In round 18, Wighton scored two tries for South Sydney in their 32-16 victory over Parramatta.
Wighton played 21 games for South Sydney in his first season at the club as they finished second last on the table.

===2025===
On 29 July, Wighton was suspended for four matches after being placed on report during South Sydney's narrow 14-12 loss against Cronulla in round 21 of the 2025 NRL season.
Wighton was limited to only 15 matches with South Sydney in the 2025 NRL season which saw the club finish 14th on the table.

==Honours==

Individual
- Dally M Medal: 2020
- Clive Churchill Medal: 2019
- Dally M 5/8 of the Year: 2020

Canberra Raiders
- NRL Premiership Runners-Up: 2019

NSW Blues
- State of Origin: 2019, 2021

Australia
- Rugby League World Cup: 2021

== Statistics ==

| Year | Team | Games | Tries | Goals | Field goals | Pts |
| 2012 | Canberra Raiders | 9 | 2 | 0 | 0 | 8 |
| 2013 | 18 | 4 | 0 | 0 | 16 |
| 2014 | 20 | 6 | 0 | 0 | 24 |
| 2015 | 21 | 7 | 0 | 0 | 28 |
| 2016 | 26 | 8 | 0 | 0 | 32 |
| 2017 | 23 | 7 | 0 | 0 | 28 |
| 2018 | 13 | 3 | 0 | 0 | 12 |
| 2019 | 26 | 9 | 0 | 0 | 36 |
| 2020 | 22 | 13 | 0 | 0 | 52 |
| 2021 | 21 | 5 | 0 | 0 | 20 |
| 2022 | 21 | 4 | 0 | 0 | 16 |
| 2023 | 22 | 7 | 0 | 0 | 28 |
| 2024 | South Sydney Rabbitohs | 21 | 6 | 0 | 0 | 24 |
| 2025 | 15 | 6 | 0 | 0 | 24 |
| 2026 | 13 | 3 | 0 | 0 | 12 |
|  | Totals | 291 | 90 | 0 | 0 | 360 |

== Assault charges ==
In February 2018, Wighton assaulted five people outside a nightclub while celebrating his birthday in Canberra, and was charged for a number of offences including assault and public urination, which he initially pleaded not guilty to until prosecutors said they were prepared to produce CCTV evidence.
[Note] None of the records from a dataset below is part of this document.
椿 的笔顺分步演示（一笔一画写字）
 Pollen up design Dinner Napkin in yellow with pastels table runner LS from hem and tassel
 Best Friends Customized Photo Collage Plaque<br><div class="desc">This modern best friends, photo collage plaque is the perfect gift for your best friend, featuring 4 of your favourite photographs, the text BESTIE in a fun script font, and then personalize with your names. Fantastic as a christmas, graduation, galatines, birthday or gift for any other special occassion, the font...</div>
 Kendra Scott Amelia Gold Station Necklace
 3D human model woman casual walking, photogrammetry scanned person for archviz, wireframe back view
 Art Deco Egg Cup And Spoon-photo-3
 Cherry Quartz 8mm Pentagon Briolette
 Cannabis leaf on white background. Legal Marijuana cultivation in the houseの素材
In June, Wighton pleaded guilty to six charges in the ACT Magistrates Court, including assault and public urination, while prosecutors dropped the remaining charges. In July, Wighton was suspended by the Raiders for six matches, but the club confirmed his contract would not be terminated. After viewing the CCTV footage, the NRL extended his suspension until the end of the season, and fined him $30,000.
On 14 November, Wighton received a two-month suspended sentence and a $3,500 fine. Magistrate Bernadette Boss noted his positive character references and existing punishment from the NRL. Following sentencing, the footage of Wighton in urine-soaked trousers launching unprovoked attacks on five different passers-by was released to the media.